Slipping through cell walls, nanotubes deliver high-potency punch to cancer tumors in mice
Now researchers at Stanford University have addressed that problem using single-walled carbon nanotubes as delivery vehicles. The new method has enabled the researchers to get a higher proportion of a given dose of medication into the tumor cells than is possible with the "free" drug—that is, the one not bound to nanotubes—thus reducing the amount of medication that they need to inject into a subject to achieve the desired therapeutic effect.
"That means you will also have less drug reaching the normal tissue," said Hongjie Dai, professor of chemistry and senior author of a paper, which will be published in the Aug. 15 issue of Cancer Research. So not only is the medication more effective against the tumor, ounce for ounce, but it greatly reduces the side effects of the medication.
Graduate student Zhuang Liu is first author of the paper.
Dai and his colleagues worked with paclitaxel, a widely used cancer chemotherapy drug, which they employed against tumors cells of a type of breast cancer that were implanted under the skin of mice. They found that they were able to get up to 10 times as much medication into the tumor cells via the nanotubes as when the standard formulation of the drug, called TaxolŽ, was injected into the mice.
The tumor cells were allowed to proliferate for about two weeks prior to being treated. After 22 days of treatment, tumors in the mice treated with the paclitaxel-bearing nanotubes were on average less than half the size of those in mice treated with Taxol.

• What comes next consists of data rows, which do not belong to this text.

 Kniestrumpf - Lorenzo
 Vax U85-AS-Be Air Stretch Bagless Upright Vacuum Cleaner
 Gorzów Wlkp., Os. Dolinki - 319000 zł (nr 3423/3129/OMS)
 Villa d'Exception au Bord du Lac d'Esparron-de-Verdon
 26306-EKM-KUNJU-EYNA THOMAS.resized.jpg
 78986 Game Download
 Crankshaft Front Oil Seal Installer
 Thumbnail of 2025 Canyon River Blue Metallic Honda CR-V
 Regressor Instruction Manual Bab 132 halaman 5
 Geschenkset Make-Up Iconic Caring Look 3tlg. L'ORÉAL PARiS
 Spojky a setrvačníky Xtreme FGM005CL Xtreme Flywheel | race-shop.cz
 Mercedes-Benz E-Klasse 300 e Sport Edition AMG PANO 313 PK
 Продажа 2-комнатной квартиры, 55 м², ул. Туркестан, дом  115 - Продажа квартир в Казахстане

Critical to achieving those results were the size and surface structure of the nanotubes, which governed how they interacted with the walls of the blood vessels through which they circulated after being injected. Though a leaky vessel—nautical or anatomical—is rarely a good thing, in this instance the relatively leaky walls of blood vessels in the tumor tissue provided the opening that the nanotubes needed to slip into the tumor cells.
"The results are actually highly dependent on the surface chemistry," Dai said. "In other words, you don't get this result just by attaching drugs to any nanotubes."